I have hid most of my life. I was born the youngest in a family of 6 children. My mother told me I was planned to be the playmate of my brother who was 2 years older.My brother was my best friend. He was smart, fun, and popular. I hid a lot behind him. Until the day he left for college I was known as his little sister and I did not mind that. I learned the hiding game early. My older sisters asked my brother and I to go buy them Pepsi at the store up the street from our home. It was dark and we were scared so when a car drove by we hid behind a parked car.I hid from my dad when he got mad, my sister when she was looking for me, my parents when they fought, my teachers when my assignment wasn’t done. Hiding was my tool to not perform , get involved or face my fears. Fear was a common emotion for me. School was difficult for me and my grades were not great, therefore I hid my report card.
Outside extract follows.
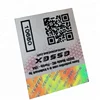 Offset printing full color printing label self adhesive serial number sticker label
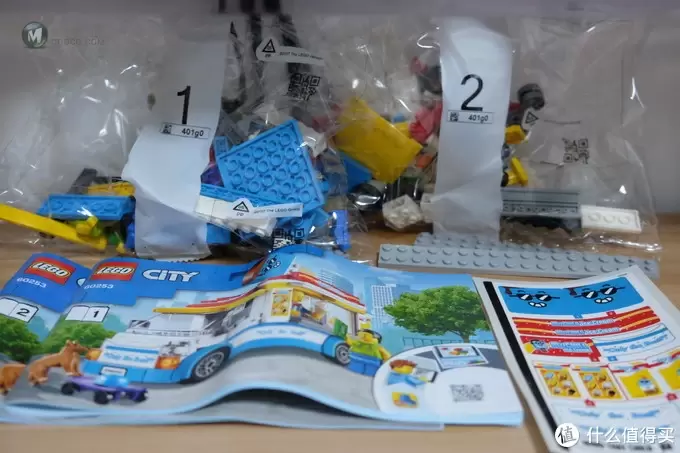 乐高手记 篇四十八:餐车会出下去么?——LEGO 乐高 城市系列 60253 冰淇淋车 乐高手记 篇四十八:餐车会出下去么?——LEGO 乐高 城市系列 60253 冰淇淋车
Today my hiding game most used is staying busy. I’ve always been busy, it works well for me. When I was a teenager I would stay busy working a job, playing with friends, cleaning house and cooking. Now I hide with jobs, church, house, kids, grand kids, cooking being a business manager and helping others. I am a natural hider.
Before I went to China I worked hard to not push myself too hard out of my comfort zone. When I learned of the opportunity to go teach in China it called and pulled at my heart so hard I could not deny it.I pushed through so many obstacle preparing to go, having no idea what would happen to me when I got there.
In China there was no hiding. I was and still am constantly called upon to step out of my sameness or usual routines. I never knew from day to day what would be asked of me. When I would be asked to give a speech, go to a meeting as a representative, lead a parade , speak to the graduate school of Psychology or answer multitudes of questions my answer was always YES. What I found is when I wrote down “I will go to other countries and empower women to take a stand for themselves and have a voice” I made a statement that brought me to life.
I watched the movie Inkheart with my grandsons. If the main character read the words in the book out loud the words came alive. The spoken worked is powerful. IF we write it, then speak it, it will come alive, it will be present, tangible and real.